The USD and Federal Reserve
The US dollar index (DXY) started the month at 104.22 and moved sideways in a narrow range between 101.96 and 103.34 until Powell’s Jackson Hole speech. Traders had been expecting a significant move following a much weaker-than-expected nonfarm payrolls report on August 2. There was even some wild talk of an emergency 50 bp rate cut before the next scheduled meeting. That didn’t materialize, but Powell didn’t disappoint. He essentially signaled the Fed’s fight against inflation was done and shifted focus to full employment—the other half of the Fed's dual mandate. With another weak employment report expected on September 6, traders are betting the Fed will kick off its latest easing cycle with a 25 bp rate cut at the September 18 meeting.

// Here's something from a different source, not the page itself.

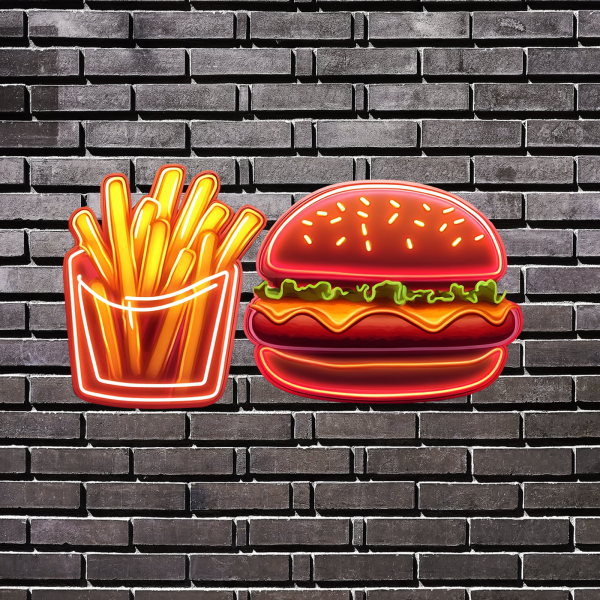 Delicious hamburger and French fries combination | Perfect meal, perfect neon | Custom neon logo | Custom LED logo - 图片 3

The Canadian Dollar and Bank of Canada
The Canadian dollar saw a steady climb through August, posting a gain of about 2.7% by month’s end. Not too shabby, but it still lagged behind the New Zealand dollar’s 5.7% surge and the Australian dollar’s 4.74% rise. The loonie's rally was driven by expectations of deeper and more aggressive Fed rate cuts, along with the unwinding of the carry trade that put pressure on the US dollar, particularly against the yen. Meanwhile, the Bank of Canada was widely expected to deliver a 25 bp rate cut on September 4, and they delivered, bringing the benchmark rate to 4.25%. With inflation seemingly under control, their focus has now shifted to economic growth, signaling more rate cuts could be on the horizon.
Oil Prices
Oil tried to make a comeback in early August, with WTI climbing to $80.15/b, only to give it all back and fall to $71.50 by August 21. Supply disruptions from Libya due to political turmoil and lower-than-expected US crude inventories gave oil a short-term boost, but concerns about China’s sluggish economic growth quickly erased those gains.
Bank 2024-USD/CAD Q3 2024-USD/CAD Q4
Scotiabank* 1.3800 1.3600
BMO 1.3790 1.3950
CIBC 1.3900 1.3800
TD (TSX:TD) Bank* 1.3700 1.3800
National Bank 1.3700 1.4100
*Forecast is based on last month. Forecast Table is for mid-market rates, and subject to change anytime.